American lobbying and public relations firm

The Harbour Group, LLC is a Washington D.C. lobbying and public relations firm.

==History==
Harbour Group was founded in 2001 by former Clinton administration senior advisor for policy and communications Joel Johnson, who left in 2005 to join the Glover Park Group, and Richard Marcus, who continued to lead it as of 2018.

Harbour Group formerly worked with the Alexander Strategy Group to provide access to Washington, D.C. decision makers, according to ASG's website, before ASG was dissolved in late 2005. The Harbour Group was associated with Swidler Berlin Shereff Friedman LLP, a Washington, D.C.–based law firm, until February 28, 2006, when that firm merged with Bingham McCutchen LLP.

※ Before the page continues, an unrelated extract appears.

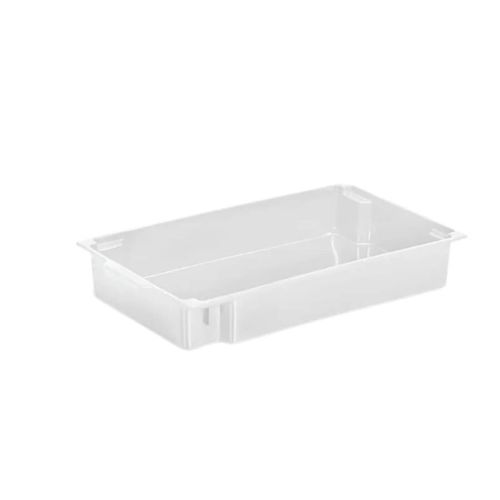 Bandeja De Plastico Natural 11lt 10x31x52 Cm  (315n) Bolivar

On September 27, 2001, Belle Haven Consultants, a Hong Kong consulting firm run by principals at The Heritage Foundation, hired the Alexander Strategy Group to represent Malaysian interests. According to U.S. Senate lobbying records, Belle Haven paid ASG US$620,000 over two years "on behalf of unspecified Malaysian business interests seeking to present a positive image of their country in the United States". Belle Haven also paid the Harbour Group, the Western Strategy Group, and a third lobbying firm another $640,000 to represent Malaysian interests at the same time.

In 2021, the public affairs company Finsbury Glover Hering announced that it would be acquiring Harbour Group.